De heer Boulakjar had nog gevraagd of ik duidelijk kan maken wat de overschrijdingen zijn voor de beveiliging, nu is aangegeven dat er extra middelen nodig zijn. Waar zijn die extra middelen precies voor nodig? De Tweede Kamer heeft als gevolg van een bijgesteld scenariobeeld van de NCTV – het is een exogene factor, maar de wereld is wel veranderd in een aantal jaren – een nieuw programma van eisen voor de veiligheid opgesteld. Dat heeft er onder andere toe geleid dat er een keuze is gemaakt om de publieksingang van de Tweede Kamer op een andere plek te maken. Dat brengt een hele hoop kosten met zich mee. U begrijpt dat ik over veiligheidskosten geen openbare mededelingen kan doen, ondanks dat we nu tijdelijk van de openbaarheid zijn afgesloten. Dat heb ik eerder ook aangegeven. Uiteraard kan de Kamer altijd vertrouwelijk geïnformeerd worden over dit element, maar dit is een hele grote kostenpost. Overigens speelt dat ook bij het Catshuis. Toen het Catshuis enige jaren geleden werd opgebracht, zaten we in een andere veiligheidssituatie dan nu. Wij willen geen enkel risico lopen met dit soort incidenten, omdat het proces hier ongehinderd doorgang moet kunnen vinden. Dit is wel een disclaimer, zeg ik in de richting van de heer Bisschop. We kijken natuurlijk wel of het allemaal wel nodig is, maar het is echt niet uit te sluiten dat daar de komende jaren extra investeringen nodig zullen zijn.
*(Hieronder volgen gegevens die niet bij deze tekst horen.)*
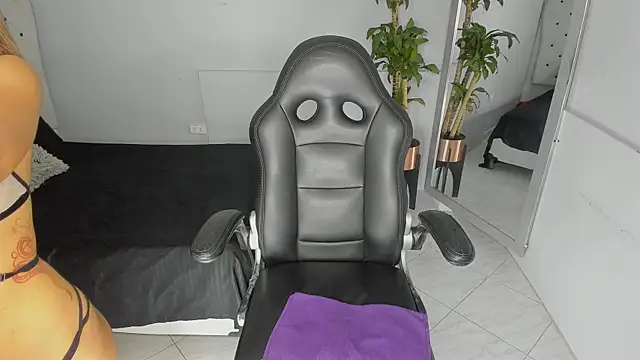 Alix 18  online show from 10-18-25, 11:44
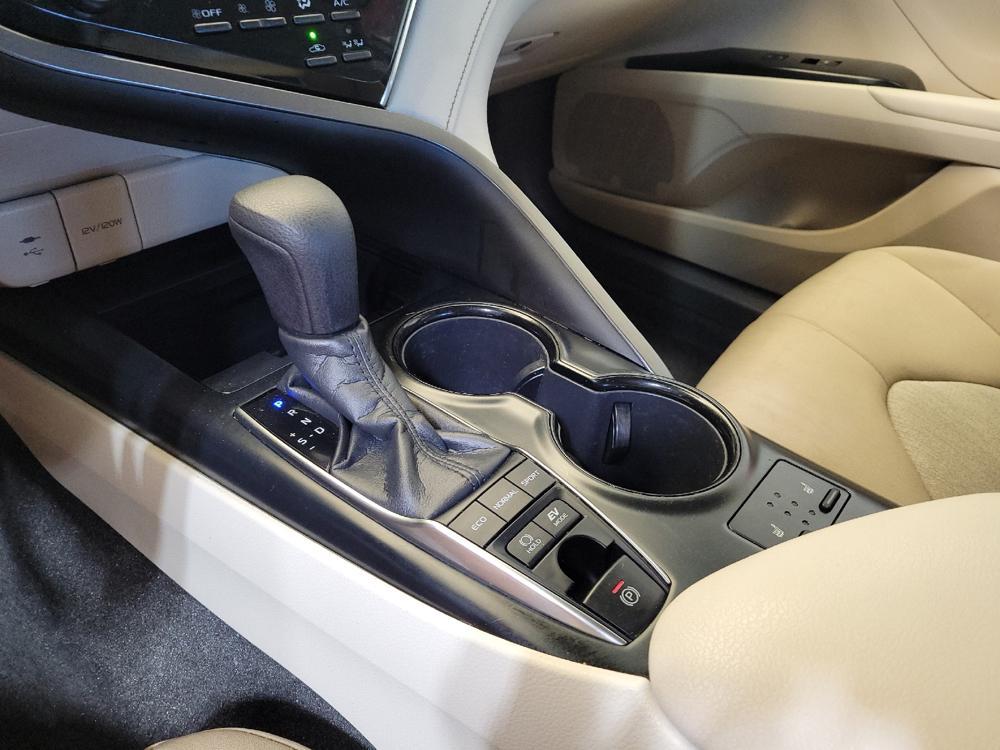 used 2018 Toyota Camry Hybrid car, priced at $21,795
Ik wil toch even heel specifiek ingaan op de vragen die gesteld zijn over de ondernemers en de nadeelcompensatie. We hebben een website binnenhofrenovatie.nl ingericht, waar de mogelijkheid voor ondernemers wordt gecreëerd om zich te melden als ze, ondanks de maatregelen die wij gaan nemen om negatieve effecten te verminderen, denken toch buitenproportionele inkomstenderving te ondervinden. Dan kunnen ze een verzoek tot nadeelcompensatie indienen. We zijn dat nu met de gemeente aan het uitwerken. Daarvoor hebben we eerst de feiten nodig, waar iedereen naar op zoek is. We hopen dat het allemaal meevalt, maar mocht het tegenvallen, dan is dit een mogelijkheid. De maatregelen die we willen nemen om een en ander te voorkomen, zien vooral op de toren, het informatiecentrum voor bezoekers en het aantrekken van een speciale programmeur om events rond het Binnenhof te organiseren die ervoor zorgen dat de loop naar dat gebied blijft. Ondernemers worden hierbij betrokken, ook bij de planning, zeg ik tegen de heer Boulakjar. Er zijn al informatiebijeenkomsten geweest; de laatste was op 29 september jongstleden. Daar gaan we ook mee door, in nauw overleg met de gemeente. De gemeente heeft daar terecht een punt van gemaakt: let ook op ondernemers. Het is niet zomaar een bouwproject, het staat zo in relatie tot alles wat eromheen zit, en al decennialang, dat als je hier iets gaat doen, dat allerlei mogelijke gevolgen heeft. We proberen de ondernemers, net zoals we dat bij de Kamer doen, zo goed mogelijk te informeren.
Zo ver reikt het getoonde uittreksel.